The highway then supersedes a section of Talbot Road and crosses under I-405, which it intersects in a half diamond interchange at the south edge of downtown Renton. Talbot Road continues into downtown Renton, passing several big-box stores and SR 515 turns northeast onto Grady Way near the city hall. Grady Way turns into Main Street and travels north along an embanked section of I-405 towards the center of downtown Renton. SR 515 terminates at two intersections with SR 900, which is split between a pair of one-way streets: Houser Way, which also carries a street running railroad, and Bronson Way one block from the Cedar River and the Renton Public Library.

SR 515 is used by King County Metro route 160, which provides bus connections to areas between Kent's train station and Downtown Renton. The Washington State Department of Transportation (WSDOT) conducts an annual survey of traffic volumes on state highways measured in terms of annual average daily traffic. Traffic volumes on SR 515 range from a minimum of 7,900 vehicles in downtown Renton to a maximum of 31,000 vehicles in northern Kent.

==History==

Benson Road, connecting Kent to Renton over the Benson and Talbot hills, was constructed in the 1910s as a gravel road serving local coal mines. The road was straightened and paved by the county government in the mid-1920s, with all but 1 mi completed by 1928. Benson Road was added to the state highway system in 1937 as Secondary State Highway 5C (SSH 5C), which connected Primary State Highway 2 (PSH 2) in Renton to SSH 5A east of Kent.

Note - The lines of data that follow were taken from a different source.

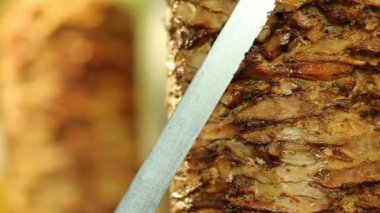 Bir aşçı et keser, shawarma, jiroskop, döner kebap yapmak için. Şişte et pişirmek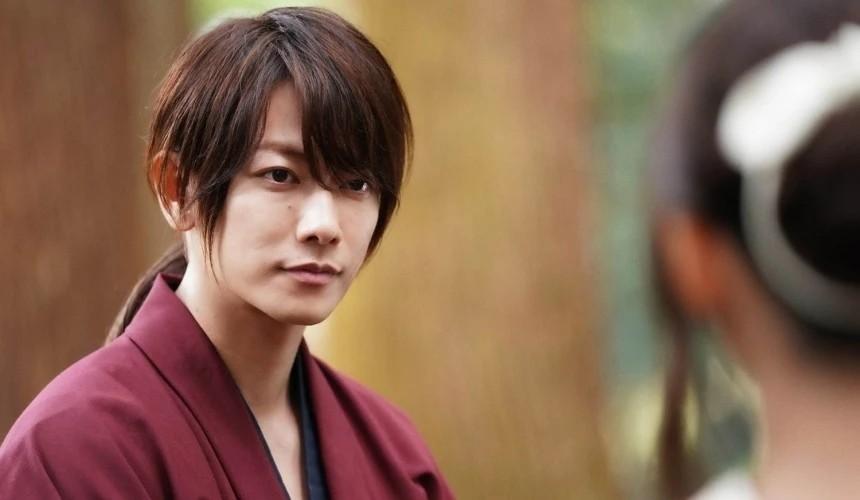 佐藤健代表作有真人版電影《浪客劍心》系列。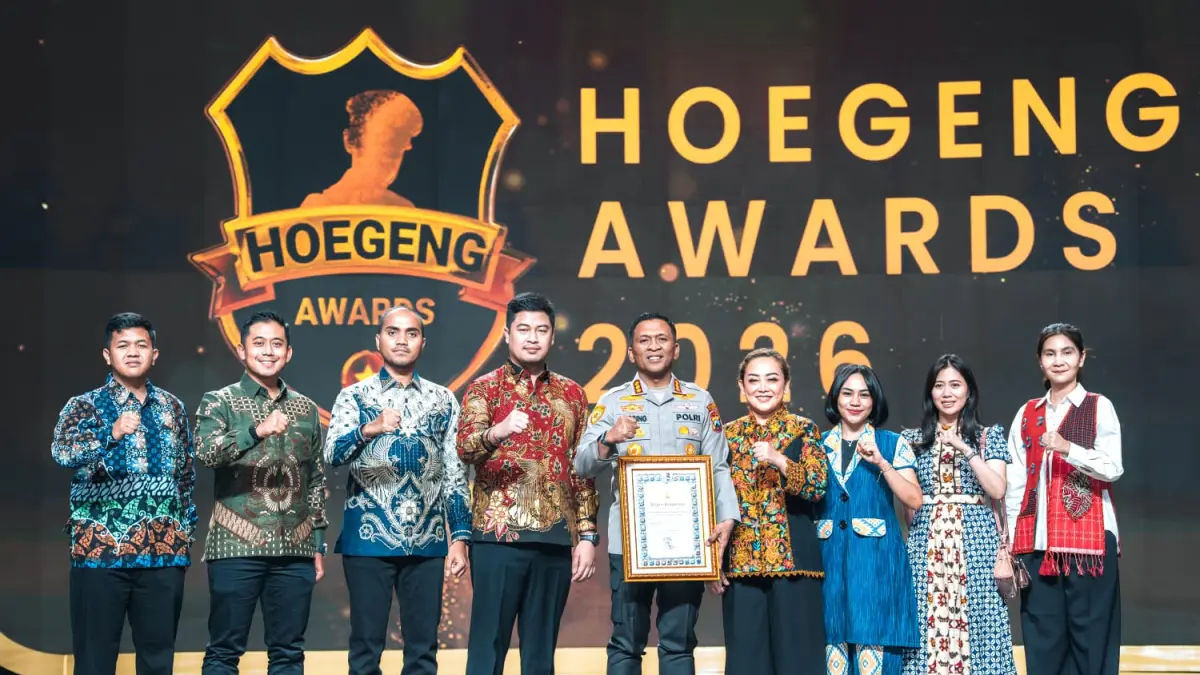 INOVATIF: Kapolresta Sidoarjo Kombes Pol Christian Tobing saat menerima penghargaan.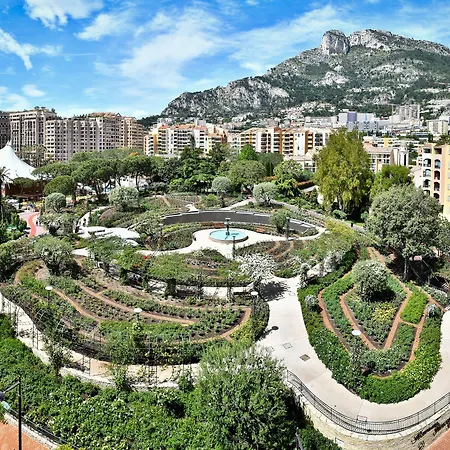 Columbus Monte-carlo, Curio Collection By Hilton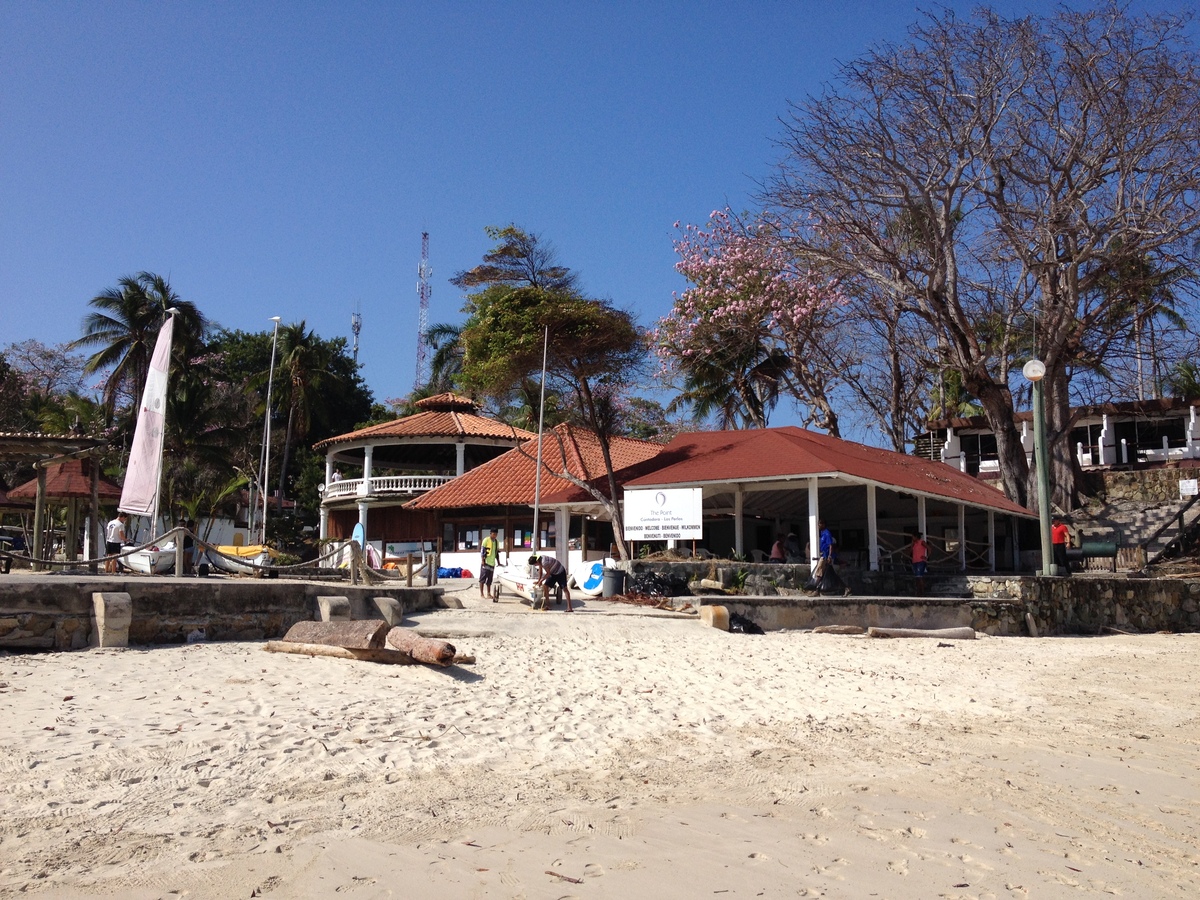 Picture Panama Contadora Island 2015-03 11 - Hotel Pools Contadora Island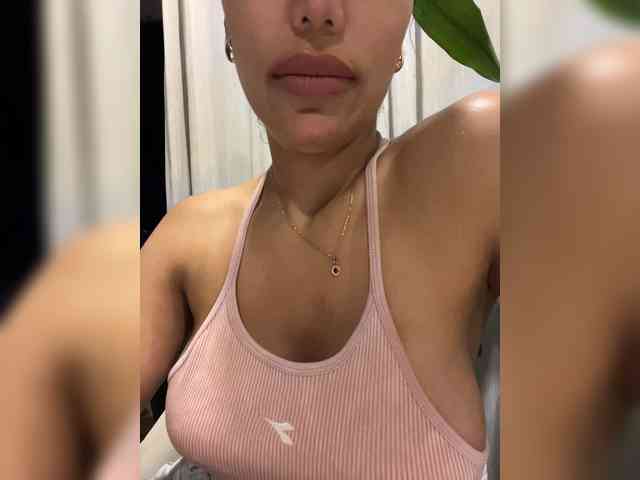 EmilyLeah webcam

SR 515 was created during the 1964 state highway renumbering to replace SSH 5C, while PSH 2 became SR 900 and SSH 5A became SR 516. The Renton Freeway (I-405) opened to traffic in 1965 and crossed under SR 515 without intersecting it. SR 515 was subsequently extended further north into downtown Renton over the former alignment of SR 405. Suburban development of the Kent and Renton areas in the 1960s and 1970s brought higher traffic volumes to the highway, necessitating an expansion project. The project, which would construct a 1.5 mi bypass of Benson Road between Carr Road and I-405, was opposed by local residents and was frequently cut and revived due to limited availability of state funds. The $4.5 million, four-lane road was approved by the state government in 1981 as part of a new gas tax and was completed the following year. The remaining section of SR 515 in eastern Kent was widened by the city government in 1991 using funds approved by the state legislature.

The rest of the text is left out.